■ WORK ORDER
When the line containing "Серая жаккардовая куртка Kenzo Paris" is reached, include it and end there; set down verbatim every line before it, starting at the top of the records.

(Short descriptive text snippets)
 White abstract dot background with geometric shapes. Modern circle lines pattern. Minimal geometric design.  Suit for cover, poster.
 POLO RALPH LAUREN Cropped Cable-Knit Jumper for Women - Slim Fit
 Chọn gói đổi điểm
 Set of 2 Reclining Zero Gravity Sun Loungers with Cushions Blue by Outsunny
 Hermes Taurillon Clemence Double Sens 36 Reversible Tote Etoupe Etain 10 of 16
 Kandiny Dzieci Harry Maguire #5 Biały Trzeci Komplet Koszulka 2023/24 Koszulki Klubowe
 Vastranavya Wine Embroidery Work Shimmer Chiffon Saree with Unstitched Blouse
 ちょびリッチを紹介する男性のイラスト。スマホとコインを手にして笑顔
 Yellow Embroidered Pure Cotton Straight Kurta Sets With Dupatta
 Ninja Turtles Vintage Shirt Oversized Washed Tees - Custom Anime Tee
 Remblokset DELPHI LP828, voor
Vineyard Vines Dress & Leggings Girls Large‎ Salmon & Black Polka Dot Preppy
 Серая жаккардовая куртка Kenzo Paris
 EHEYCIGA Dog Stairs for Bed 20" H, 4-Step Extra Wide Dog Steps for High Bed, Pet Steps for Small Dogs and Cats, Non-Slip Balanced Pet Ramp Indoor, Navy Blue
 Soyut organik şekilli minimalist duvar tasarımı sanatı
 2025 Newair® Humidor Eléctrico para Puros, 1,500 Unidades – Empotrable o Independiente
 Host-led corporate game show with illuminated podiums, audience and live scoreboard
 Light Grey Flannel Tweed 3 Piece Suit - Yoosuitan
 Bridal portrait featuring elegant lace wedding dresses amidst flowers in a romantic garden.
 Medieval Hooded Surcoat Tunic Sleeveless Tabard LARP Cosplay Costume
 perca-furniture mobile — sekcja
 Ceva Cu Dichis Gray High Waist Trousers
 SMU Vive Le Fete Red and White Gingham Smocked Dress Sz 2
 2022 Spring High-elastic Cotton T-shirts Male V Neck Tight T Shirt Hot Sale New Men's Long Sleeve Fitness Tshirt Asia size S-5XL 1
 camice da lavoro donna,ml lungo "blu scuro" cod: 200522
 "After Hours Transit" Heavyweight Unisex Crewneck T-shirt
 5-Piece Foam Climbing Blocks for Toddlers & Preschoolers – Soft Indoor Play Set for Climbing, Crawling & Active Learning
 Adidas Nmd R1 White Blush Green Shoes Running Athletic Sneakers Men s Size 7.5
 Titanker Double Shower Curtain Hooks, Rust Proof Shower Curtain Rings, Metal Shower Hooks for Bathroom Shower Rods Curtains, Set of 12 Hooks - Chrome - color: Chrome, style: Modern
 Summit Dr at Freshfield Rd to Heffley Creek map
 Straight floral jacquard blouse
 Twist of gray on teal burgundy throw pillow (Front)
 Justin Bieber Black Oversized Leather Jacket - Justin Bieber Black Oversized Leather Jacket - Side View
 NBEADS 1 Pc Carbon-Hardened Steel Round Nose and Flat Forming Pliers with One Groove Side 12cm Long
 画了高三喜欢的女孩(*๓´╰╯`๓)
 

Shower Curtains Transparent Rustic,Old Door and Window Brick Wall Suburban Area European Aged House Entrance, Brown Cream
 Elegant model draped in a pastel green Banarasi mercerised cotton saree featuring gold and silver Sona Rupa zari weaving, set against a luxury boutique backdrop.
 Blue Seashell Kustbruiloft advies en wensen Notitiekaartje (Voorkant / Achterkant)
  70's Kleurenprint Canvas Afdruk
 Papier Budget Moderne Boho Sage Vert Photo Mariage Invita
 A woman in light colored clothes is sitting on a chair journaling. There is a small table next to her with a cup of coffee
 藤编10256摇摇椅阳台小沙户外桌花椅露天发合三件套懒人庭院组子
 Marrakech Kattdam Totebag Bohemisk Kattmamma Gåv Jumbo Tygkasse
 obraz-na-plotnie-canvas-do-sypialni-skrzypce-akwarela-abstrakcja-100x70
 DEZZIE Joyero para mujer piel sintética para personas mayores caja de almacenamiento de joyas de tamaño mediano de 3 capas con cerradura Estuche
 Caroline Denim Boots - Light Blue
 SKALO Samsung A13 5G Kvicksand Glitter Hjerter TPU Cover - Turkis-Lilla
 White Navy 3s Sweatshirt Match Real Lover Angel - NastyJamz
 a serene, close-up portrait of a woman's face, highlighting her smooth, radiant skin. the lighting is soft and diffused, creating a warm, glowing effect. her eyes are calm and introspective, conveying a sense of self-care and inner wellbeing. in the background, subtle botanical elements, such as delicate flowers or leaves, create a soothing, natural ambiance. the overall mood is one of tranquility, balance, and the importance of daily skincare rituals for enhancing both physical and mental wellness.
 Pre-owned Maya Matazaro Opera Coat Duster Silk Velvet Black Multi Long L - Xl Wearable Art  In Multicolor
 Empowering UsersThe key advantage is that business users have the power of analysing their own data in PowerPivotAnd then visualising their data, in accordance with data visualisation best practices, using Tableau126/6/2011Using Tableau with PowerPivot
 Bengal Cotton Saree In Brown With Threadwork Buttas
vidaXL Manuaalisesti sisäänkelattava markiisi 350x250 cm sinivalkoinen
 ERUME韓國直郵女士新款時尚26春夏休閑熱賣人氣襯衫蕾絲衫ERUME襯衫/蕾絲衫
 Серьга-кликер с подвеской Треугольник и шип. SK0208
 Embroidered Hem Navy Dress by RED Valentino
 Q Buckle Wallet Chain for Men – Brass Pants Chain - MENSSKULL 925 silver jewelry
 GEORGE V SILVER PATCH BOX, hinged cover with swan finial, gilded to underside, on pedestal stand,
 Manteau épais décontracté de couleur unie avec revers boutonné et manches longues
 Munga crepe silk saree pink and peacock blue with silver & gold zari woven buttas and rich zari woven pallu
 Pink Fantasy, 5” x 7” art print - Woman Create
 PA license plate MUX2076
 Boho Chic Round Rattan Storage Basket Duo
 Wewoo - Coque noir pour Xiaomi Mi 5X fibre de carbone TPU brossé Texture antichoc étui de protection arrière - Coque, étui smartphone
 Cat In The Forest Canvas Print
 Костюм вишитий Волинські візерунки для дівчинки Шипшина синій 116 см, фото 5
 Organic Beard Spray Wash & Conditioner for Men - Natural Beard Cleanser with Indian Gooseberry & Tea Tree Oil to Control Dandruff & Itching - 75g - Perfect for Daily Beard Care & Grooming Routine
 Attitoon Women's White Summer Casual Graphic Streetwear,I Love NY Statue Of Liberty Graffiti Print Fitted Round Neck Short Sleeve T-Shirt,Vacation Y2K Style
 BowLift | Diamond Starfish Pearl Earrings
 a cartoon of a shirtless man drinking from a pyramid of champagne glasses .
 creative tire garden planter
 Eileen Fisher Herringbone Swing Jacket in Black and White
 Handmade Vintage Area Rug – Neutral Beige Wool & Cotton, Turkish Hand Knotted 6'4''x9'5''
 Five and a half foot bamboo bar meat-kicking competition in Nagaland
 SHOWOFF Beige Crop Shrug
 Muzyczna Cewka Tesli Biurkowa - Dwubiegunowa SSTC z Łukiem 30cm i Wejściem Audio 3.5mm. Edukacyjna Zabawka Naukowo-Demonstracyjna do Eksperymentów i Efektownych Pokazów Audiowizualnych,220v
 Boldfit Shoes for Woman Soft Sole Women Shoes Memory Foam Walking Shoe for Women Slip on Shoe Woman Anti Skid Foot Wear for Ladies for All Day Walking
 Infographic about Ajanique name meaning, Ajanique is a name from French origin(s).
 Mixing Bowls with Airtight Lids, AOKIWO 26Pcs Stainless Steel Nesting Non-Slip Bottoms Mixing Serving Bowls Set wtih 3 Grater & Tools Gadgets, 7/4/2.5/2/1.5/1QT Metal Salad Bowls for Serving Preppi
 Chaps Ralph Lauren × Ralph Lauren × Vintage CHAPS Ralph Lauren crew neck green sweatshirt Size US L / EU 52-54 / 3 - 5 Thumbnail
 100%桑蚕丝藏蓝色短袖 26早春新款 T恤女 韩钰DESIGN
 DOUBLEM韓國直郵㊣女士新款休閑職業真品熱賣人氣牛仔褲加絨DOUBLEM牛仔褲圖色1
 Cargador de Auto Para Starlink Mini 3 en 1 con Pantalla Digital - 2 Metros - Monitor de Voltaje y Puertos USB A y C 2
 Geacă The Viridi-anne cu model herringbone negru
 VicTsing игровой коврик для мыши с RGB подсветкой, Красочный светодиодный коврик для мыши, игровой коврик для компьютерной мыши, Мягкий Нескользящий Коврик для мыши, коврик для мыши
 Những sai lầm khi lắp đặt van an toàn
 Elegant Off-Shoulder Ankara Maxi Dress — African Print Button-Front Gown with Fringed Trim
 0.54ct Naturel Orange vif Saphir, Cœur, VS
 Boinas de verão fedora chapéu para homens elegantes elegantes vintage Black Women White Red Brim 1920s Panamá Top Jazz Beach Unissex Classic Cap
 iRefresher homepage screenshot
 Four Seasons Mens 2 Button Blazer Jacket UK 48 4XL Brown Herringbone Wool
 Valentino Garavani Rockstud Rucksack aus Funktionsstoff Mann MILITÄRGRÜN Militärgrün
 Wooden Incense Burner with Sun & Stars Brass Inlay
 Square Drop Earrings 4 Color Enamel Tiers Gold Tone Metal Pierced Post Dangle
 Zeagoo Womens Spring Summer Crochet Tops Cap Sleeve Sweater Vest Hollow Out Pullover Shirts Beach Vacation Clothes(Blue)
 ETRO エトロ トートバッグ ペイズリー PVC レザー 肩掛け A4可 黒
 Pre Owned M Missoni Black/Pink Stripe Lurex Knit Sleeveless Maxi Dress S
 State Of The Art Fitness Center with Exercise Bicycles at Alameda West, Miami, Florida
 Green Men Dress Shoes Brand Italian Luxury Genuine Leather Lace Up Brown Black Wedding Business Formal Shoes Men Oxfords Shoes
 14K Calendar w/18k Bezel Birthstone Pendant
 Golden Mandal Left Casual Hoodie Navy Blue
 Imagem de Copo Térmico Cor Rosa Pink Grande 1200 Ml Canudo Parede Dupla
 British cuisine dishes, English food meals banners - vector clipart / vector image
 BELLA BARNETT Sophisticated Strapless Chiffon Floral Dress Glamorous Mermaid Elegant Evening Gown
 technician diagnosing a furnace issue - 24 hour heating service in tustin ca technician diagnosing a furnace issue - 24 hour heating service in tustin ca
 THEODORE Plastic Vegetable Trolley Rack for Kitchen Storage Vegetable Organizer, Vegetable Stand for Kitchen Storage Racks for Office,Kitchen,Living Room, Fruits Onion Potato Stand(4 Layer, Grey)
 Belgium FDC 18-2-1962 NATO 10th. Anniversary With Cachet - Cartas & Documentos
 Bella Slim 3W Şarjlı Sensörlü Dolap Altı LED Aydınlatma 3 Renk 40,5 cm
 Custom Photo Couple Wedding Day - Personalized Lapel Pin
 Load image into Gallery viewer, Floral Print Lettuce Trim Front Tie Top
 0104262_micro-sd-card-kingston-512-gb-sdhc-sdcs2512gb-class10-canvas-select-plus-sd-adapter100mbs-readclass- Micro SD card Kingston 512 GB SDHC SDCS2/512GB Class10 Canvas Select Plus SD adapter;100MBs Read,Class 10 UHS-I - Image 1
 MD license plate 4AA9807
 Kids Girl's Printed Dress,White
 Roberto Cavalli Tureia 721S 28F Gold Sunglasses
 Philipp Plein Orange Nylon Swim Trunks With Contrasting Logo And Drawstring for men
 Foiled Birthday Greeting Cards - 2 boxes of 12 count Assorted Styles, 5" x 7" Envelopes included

■ SOLVED EXERCISE
 White abstract dot background with geometric shapes. Modern circle lines pattern. Minimal geometric design.  Suit for cover, poster.
 POLO RALPH LAUREN Cropped Cable-Knit Jumper for Women - Slim Fit
 Chọn gói đổi điểm
 Set of 2 Reclining Zero Gravity Sun Loungers with Cushions Blue by Outsunny
 Hermes Taurillon Clemence Double Sens 36 Reversible Tote Etoupe Etain 10 of 16
 Kandiny Dzieci Harry Maguire #5 Biały Trzeci Komplet Koszulka 2023/24 Koszulki Klubowe
 Vastranavya Wine Embroidery Work Shimmer Chiffon Saree with Unstitched Blouse
 ちょびリッチを紹介する男性のイラスト。スマホとコインを手にして笑顔
 Yellow Embroidered Pure Cotton Straight Kurta Sets With Dupatta
 Ninja Turtles Vintage Shirt Oversized Washed Tees - Custom Anime Tee
 Remblokset DELPHI LP828, voor
Vineyard Vines Dress & Leggings Girls Large‎ Salmon & Black Polka Dot Preppy
 Серая жаккардовая куртка Kenzo Paris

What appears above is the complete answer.